Why Won’t Conservatives Let Communities Decide for Themselves?

Date: 11 May 2013 | posted in: From the Desk of David Morris, The Public Good | 0 Facebooktwitterredditmail

In his 1996 State of the Union Address Democratic President Bill Clinton famously declared, “the era of big government is over.”  And during his tenure he did everything he could to make that true–deregulating the telecommunications and the financial industry, enacting a free trade agreement severely restricting the authority of the federal government to protect domestic jobs and businesses and abandoning the 75 year old federal commitment to the poor.

Seventeen years later I fully expect a Republican Governor or two to declare in their state of the state address, “the era of small government is over”.  For again and again, Republican governors and legislatures are preempting and abolishing the authority of communities to protect the health and welfare of their communities.

Earlier this year Wisconsin passed a law eliminating the authority of cities villages and counties to require public employees to live inside city limits and voiding any existing requirements.

A few weeks ago Kansas passed a law prohibiting cities, counties, and local government units from requiring private firms contracting with the city to provide leave, benefits or higher compensation than the state minimum wages.

The Florida House recently voted to preempt local governments from enacting “living wage” laws and “sick time” ordinances.  If signed into law, the bill would also overturn counties like Miami-Dade and Broward that have “living wage” ordinances that require companies that contract with the county to pay wages higher than the federal minimum wage, and sometimes provide certain benefits.

According to the Institute for Local Self-Reliance, 19 states currently severely restrict or outright abolish the right of local governments to build their telecommunications networks.  Cities began building their own networks after years of begging private phone and cable companies to upgrade their inadequate infrastructure, moderate their continual price increases and improve their customer service.  After cities proved serious and successful competitors telecommunications firms, rather than respond to the competition, went to state legislatures to abolish it. Last year North Carolina became the latest state to join the ranks of those who refuse to allow communities to make their own decisions about their own affairs.

Several years ago the federal government abdicated responsibility for regulating fracking. The Safe Drinking Water Act mandates federal regulation of underground injection activities in order to protect groundwater sources. In 2005 Congress amended the definition of “underground injection” to specifically exclude “the underground injection of fluids or propping agents (other than diesel fuels) pursuant to hydraulic fracturing operations related to oil, gas, or geothermal production activities.”

In November 2010 Pittsburgh became the first city in the nation to ban fracking within city limits.

In February 2012 the Pennsylvania legislature responded by passing Act 13, a law that allows fracking in all parts of the city, including residential neighborhoods, in essence abrogating the right of cities to exercise traditional zoning powers used to protect residential neighborhoods from noise and odors and industrial dangers.
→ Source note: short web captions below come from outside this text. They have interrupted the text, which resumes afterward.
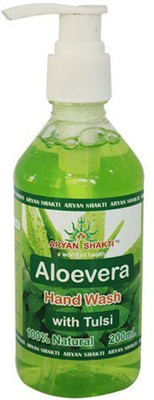 

AryanShakti Aloevera Tulsi Handwash | 100% Natural | 200 ml(200 ml, Pump Dispenser)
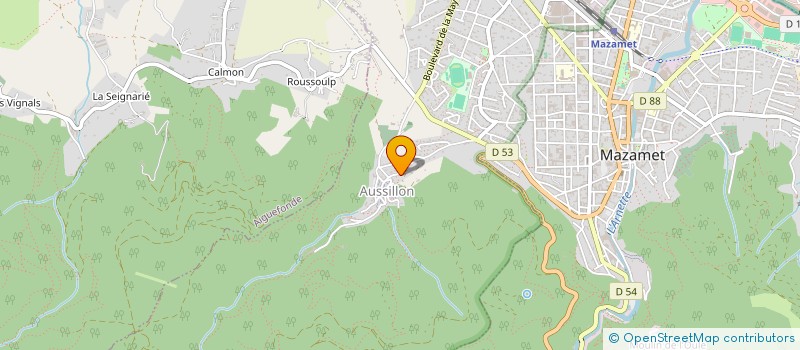 localisation de l'entreprise MONSIEUR NICOLAS ROBERT  AUSSILLON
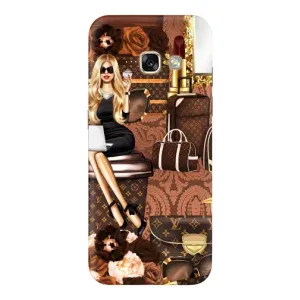 Чехол Стиль Louis Vuitton на Samsung Galaxy A3 2017 / A320 / A320F (Мода Луи Виттон)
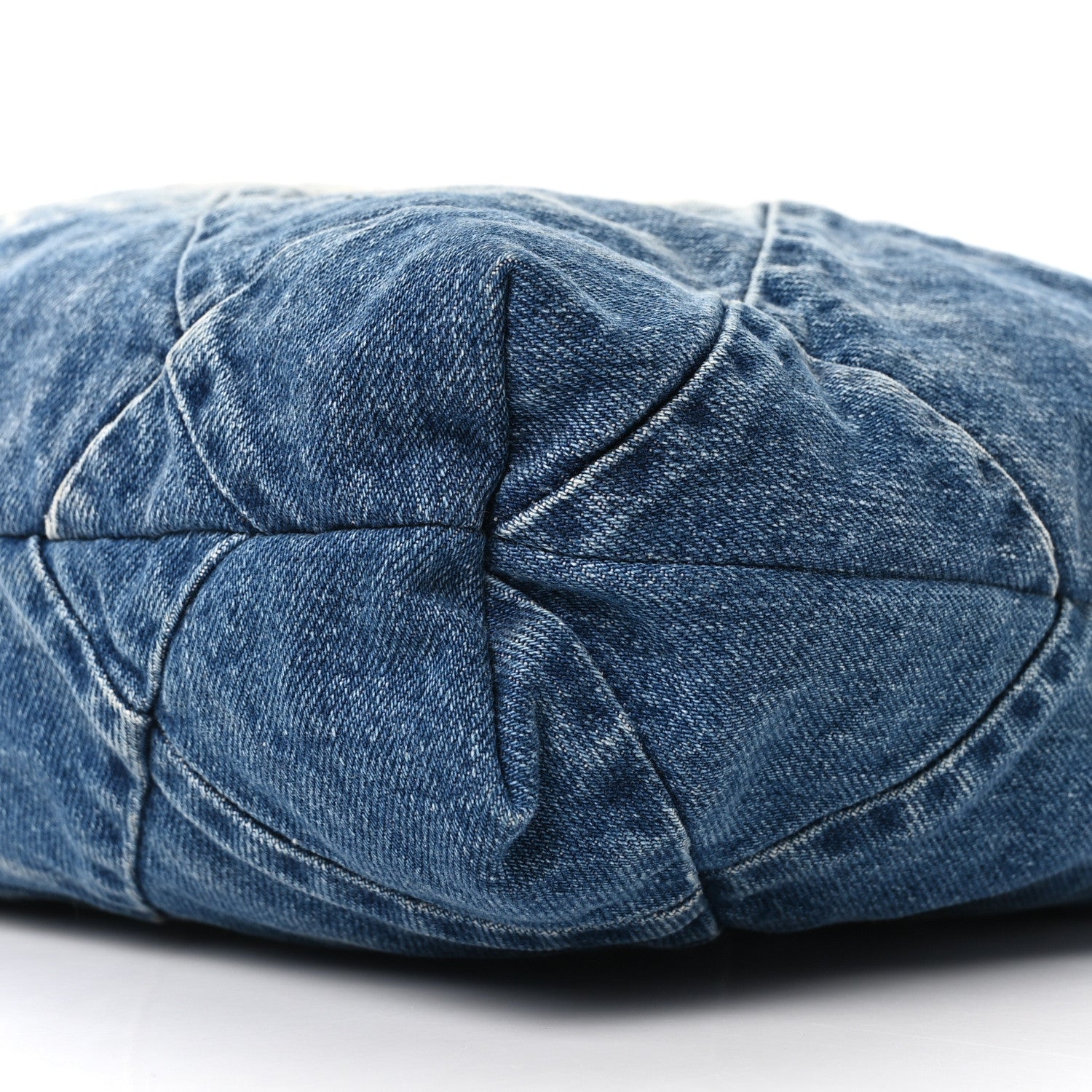 Denim Quilted Chanel 22 Blue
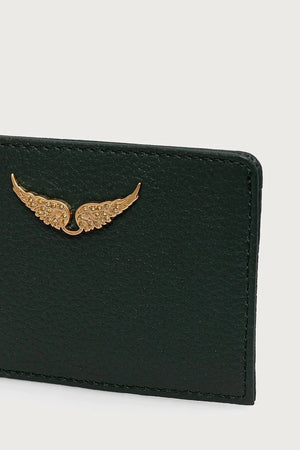 Funda de cartera de cuero para mujer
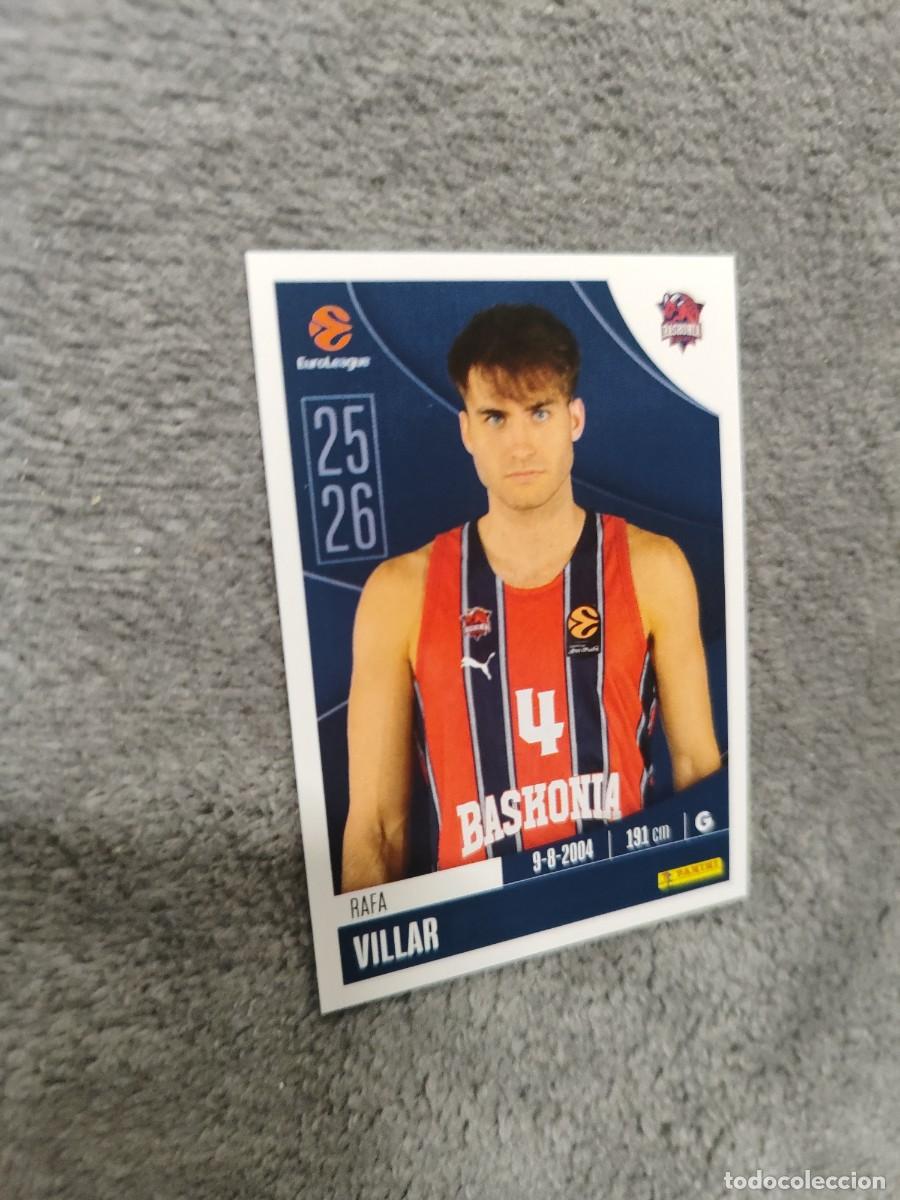 Coleccionismo deportivo: 83 RAFA VILLAR EUROLEAGUE 2025 2026 BASKONIA VITORIA PANINI EUROLIGA 25 26 BALONCESTO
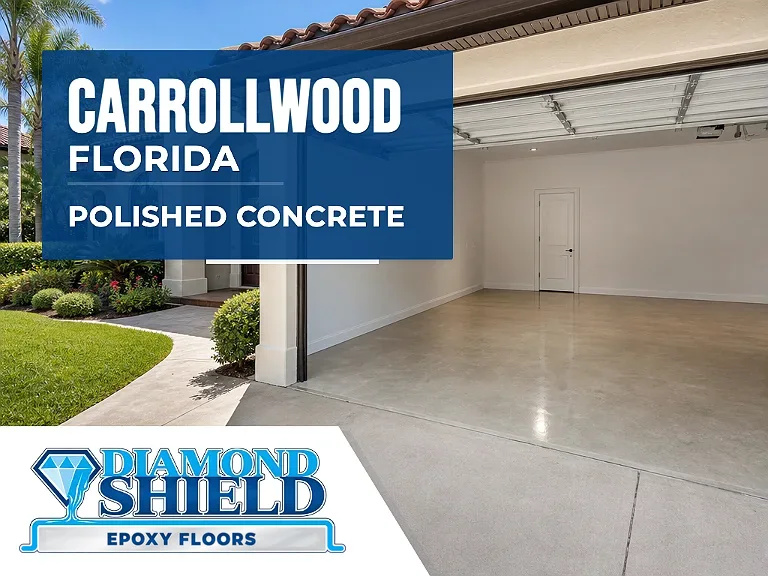 DiamondShield polished concrete floors in Carrollwood, Florida.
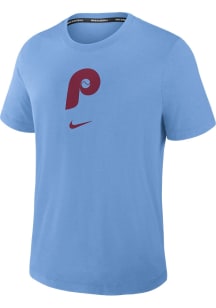Nike Philadelphia Phillies Light Blue AC Early Work Short Sleeve Fashion T Shirt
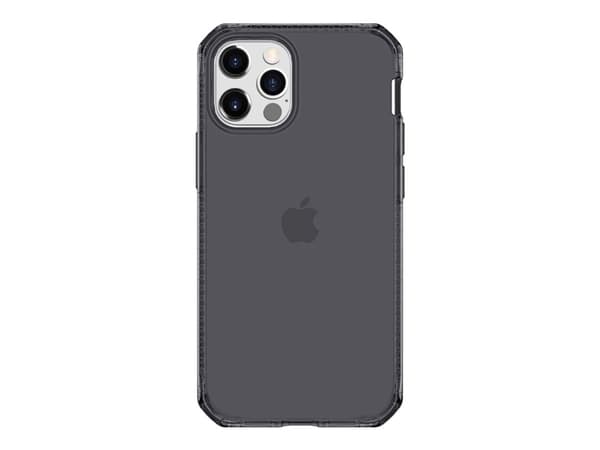 ITSKINS Spectrum Clear - Baksidedeksel for mobiltelefon - termoplast-polyuretan (TPU), Impacthane - røyk - for Apple iPhone 12 Pro Max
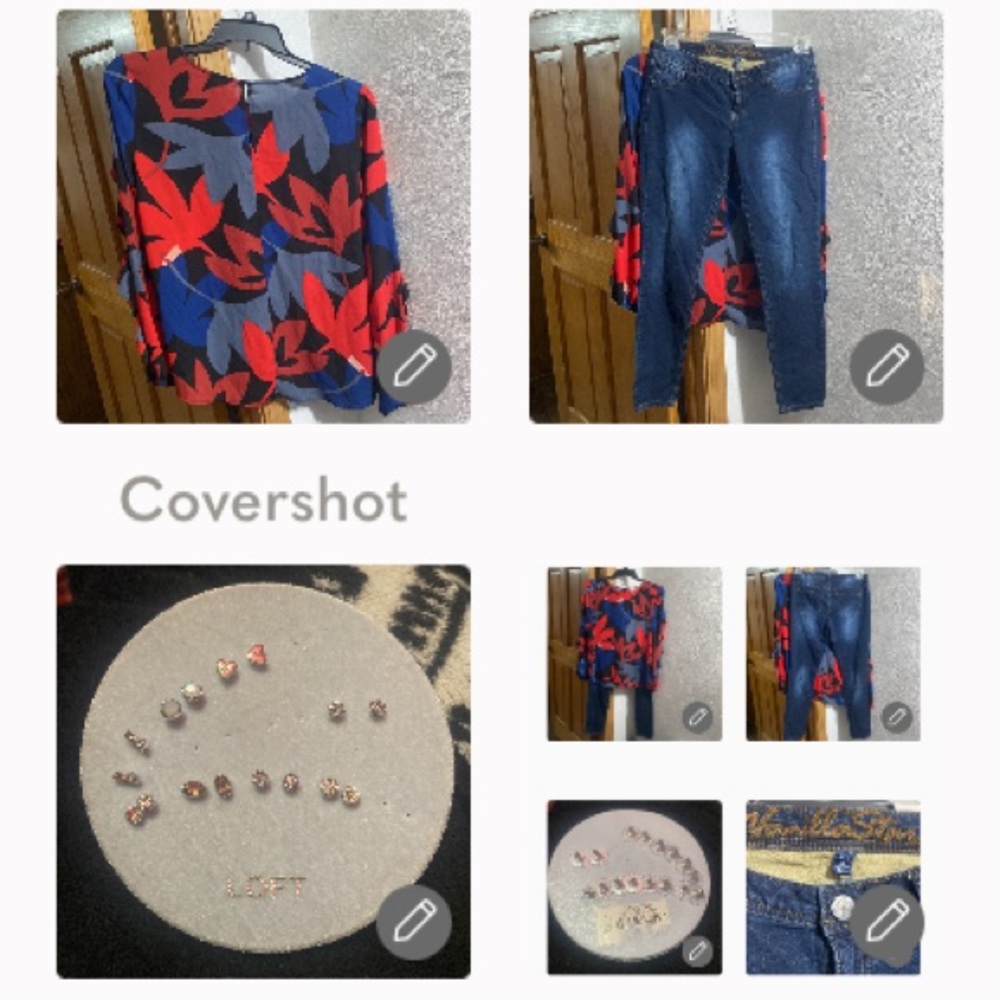 Loft blouse M+vanilla⭐️skinny 11👖+The Loft 8 Pairs NOC 🦻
In mid 2012 Longmont, a suburb of Denver made more restrictive its oil and gas regulations.  The Colorado Attorney General filed a complaint in court.  In response activists successfully got the question put on the ballot.  In November 2012 the ballot was approved with almost 60 percent of the vote.  The AG sued.  And Democratic Governor John Hickenlooper announced the state would sue any and every city or county that followed the lead of Longmont.

In each of these cases one could argue about whether communities should legislate.  In hundreds of communities over the past decade such arguments have taken place, vigorous debates about the appropriateness of residency requirements, or living wage ordinances or fracking restrictions.  Communities have gone both ways on these issues.  But I would argue that they should have the right to make the decision. For it is at the local level where those who feel the impact of the decision get to make the decision.  Certainly when it is a question of how to spend local taxpayers money, or what kinds of commercial activities to allow within residential areas of a city, the community itself should be the locus of decision making and state legislatures should whenever possible respect the outcome.

The U.S. Constitution specifically discusses the authority of the federal government and the states.  It does not mention municipal corporations.  For that matter, neither does it mention private corporations.  Yet after the Civil War, as businesses became more powerful courts gave corporations personhood and dramatically expanded their rights in the face of local and state regulation.  At the same time the courts severely redefined cities as mere appendages of the state and restricted the authority of the municipal corporation to govern its own affairs.

For many courts, John Forrest Dillon’s 1872 book Municipal Corporations remains a guidebook for judicial decisions.  In an 1868 case, Judge Dillon famously declared, “Municipal corporations owe their origin to, and derive their powers and rights wholly from, the legislature. It breathes into them the breath of life, without which they cannot exist. As it creates, so may it destroy. If it may destroy, it may abridge and control.”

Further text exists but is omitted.